Senigallia e Morro d'Alba, questa fusione non s'ha da fare

17.10.2016 16:44

Del caso di Senigallia (circa quarantanovemila abitanti), che vorrebbe annettere Morro d’Alba (che di abitanti ne fa quasi duemila), se ne sta parlando da quando abbiamo cominciato a chiudere gli ombrelloni, domenica prossima il referendum e poi… 
Un vecchio adagio dice che l’unione fa la forza, questo è vero quando uomini e cose vengono messe assieme per fronteggiare un nemico comune o per raggiungere un medesimo traguardo. Nel caso della fusione tra Senigallia e Morro d’Alba, però, a noi sembra più voler mettere assieme capra e cavoli.
Storicamente Senigallia perde questo antico Castrum nel 1213 e, da quel momentoMorro d’Alba entra a far parte della Respublica Aesina e ne condivide le sorti fino al 1860 quando, con l’Unità d’Italia, Morro entra nella provincia di Ancona assumendo il nome Alba per non confonderlo con altre località dallo stesso nome.
Certo può essere motivo di orgoglio estendere il nostro territorio, ma questo vuol dire aumentare la superficie da gestire: più strade, più illuminazione, più verde pubblico, più servizi da erogare. Senigallia annaspa già nel gestire il proprio territorio, sicuri che aumentare il carico migliorerà una situazione già così precaria?
Ci sono in ballo dei soldi: un contributo, spalmato in dieci anni, da dividere in due e che dovrà essere utilizzato per far fronte ai costi della fusione e per nient’altro.
Ma se per un qualsiasi motivo quei soldi non bastassero afronteggiare tutti i costi della fusione, chi dovrebbe pagare?

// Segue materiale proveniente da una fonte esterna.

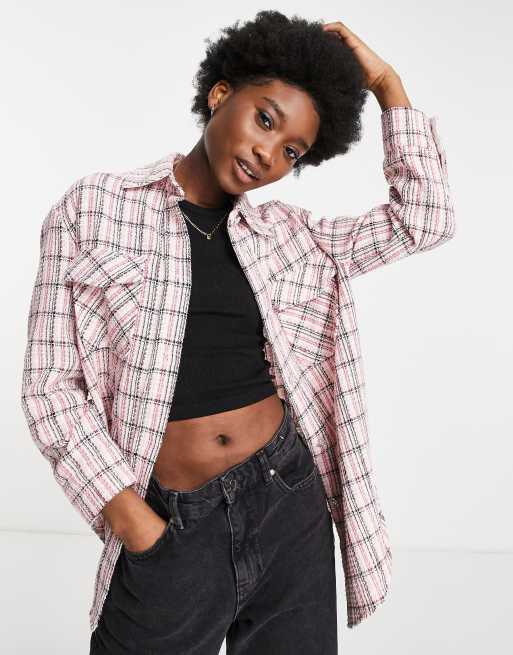 New Look - Bouclé overshirt met ruitprint in roze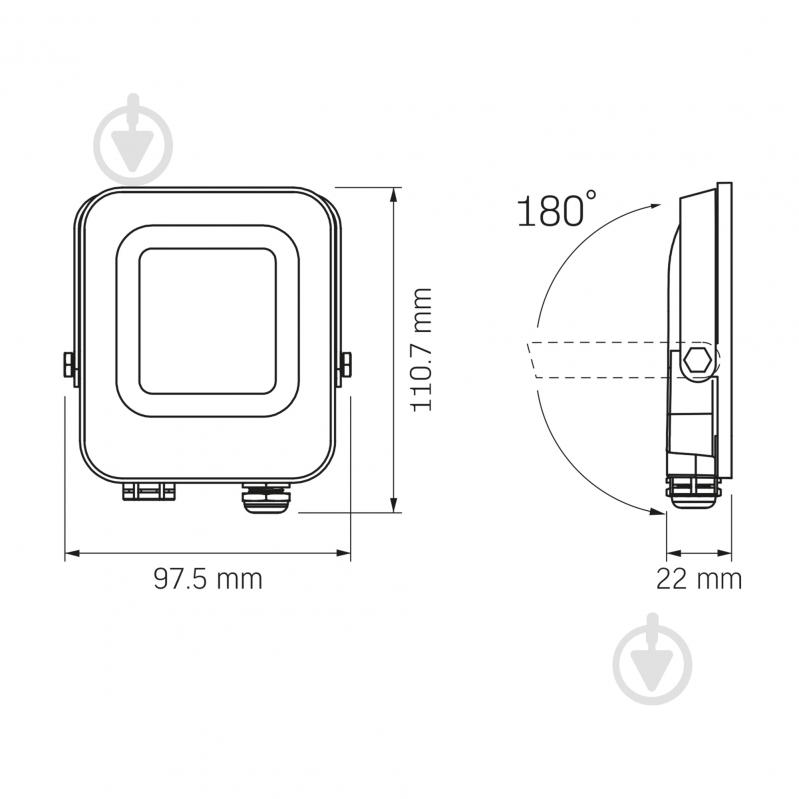 Прожектор Videx LED F3e 10 Вт IP65 чорний 27465 - фото 4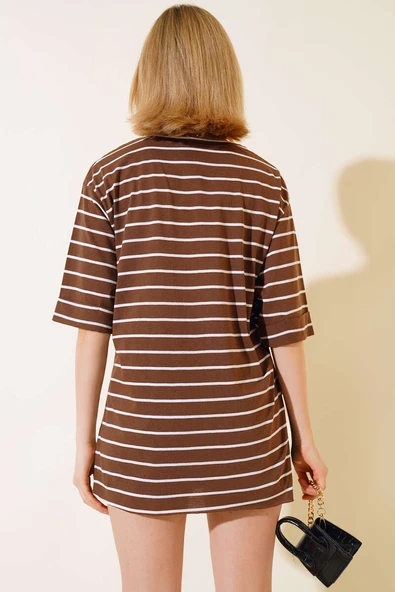 Çizgili Kahve Tshirt - Resim 3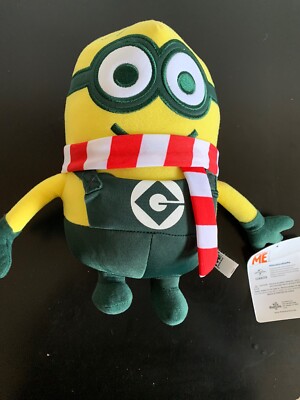 Universal Studios Despicable Me Minion Plush With Striped Scarf Green NWT  - Main Image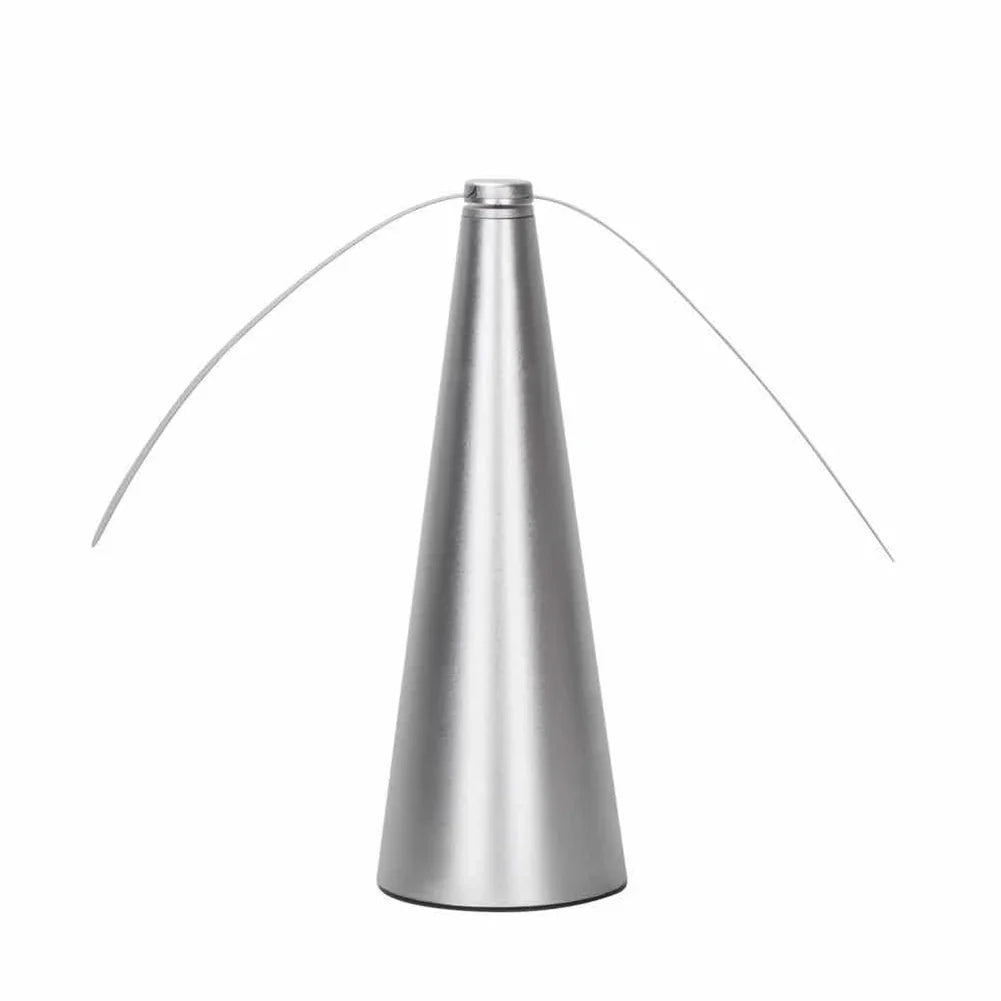 Silver vase with a conical shape on a white background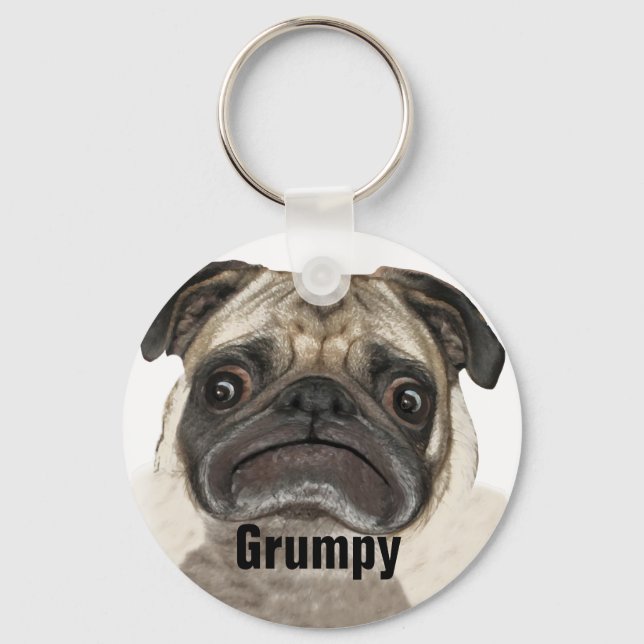 Grumpy Puggy Gifts Nyckelring (Framsida)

Forse sarebbe bene informare la cittadinanza sulla natura di questi costi in modo da renderla consapevole così da essere in grado di comprendere la natura di questa operazione. Ma sul rapporto costi/benefici difficilmente si trovano dati chiari, quello che si trova in abbondanza sono slogan da campagna acquisti.
Ci dicono che le aliquote a Senigallia, grazie a questa fusione, non aumenteranno, ma le aliquote a Senigallia sono già al massimo e non possono aumentare perché la legge non lo permette. Allora ci dicono che Morro d’Alba e Senigallia tramite la fusione potranno accedere a finanziamenti europei, ma questo già succede perché Morro d’Alba può accedere a finanziamenti europei tramite il GAL e Senigallia tramite il GAC.
Questa fusione voluta da forze politiche, forse per preservare poltrone e prebende, ci lascia abbastanza scettici, se proprio ci dobbiamo unire con qualcuno non è meglio farla, la fusione, con Montemarciano, con cui dividiamo un lungomare tormentato dall’erosione?
Il 23 ottobre ci sarà il referendum per decidere di questa fusione, noi invitiamo tutti ad essere diffidenti e a votare no.